By default we do not use relativistic effects. The best approximation is to use spin-orbit coupling, however that is computationally very expensive. The scalar relativistic option comes for free, and for light elements will give very similar results as non-relativistic theory, and for heavy ones better results w. r. t. experiment. We recommend to always use this (scalar ZORA). To go beyond to the spin-orbit level can be important when there are heavy elements with p valence electrons. Also the band gap appears quite sensitive for the spin-orbit effect.

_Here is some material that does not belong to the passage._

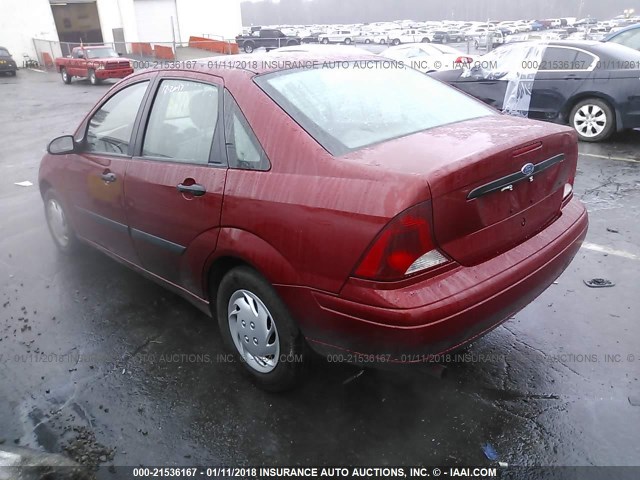 1FAFP33P13W287338 - 2003 FORD FOCUS LX RED photo 3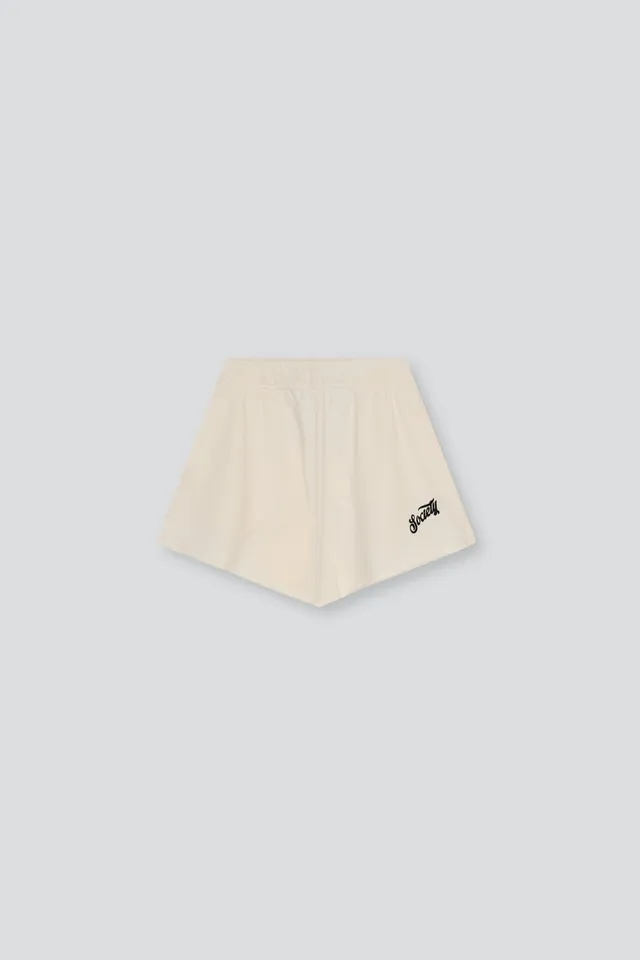 The New Society Mazus Teen shorts Ecru felpa cotone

The default functional is the LDA, that gives quite good geometries but terrible bonding energies. GGA functionals are usually better at bonding energies, and among all possibilities the PBE is a common choice. Using a GGA is not a lot more expensive than using plain LDA. For the special problem of band gaps there are a number Model Hamiltonians available (eg. TB-mBJ and GLLC-SC). The Unrestricted option will be needed when the system is not closed shell. For systems interacting through dispersion interactions it is advised to use the Grimme corrections. Unfortunately there is no clear-cut answer to this problem, and one has to try in practice what works best.
The easiest way to control the technical precision is via the NumericalQuality key. One can also independently tweak the precision of specific technical aspects, e.g.:
BeckeGrid Quality Good ! tweak the grid End KSpace Quality Good ! tweak the k-space grid End ZlmFit Quality Normal ! tweak the density fit End SoftConfiment Quality Basic ! tweak the radial confinement of basis functions End
Here are per issue hints for when to go for a better quality (but it is by no means complete)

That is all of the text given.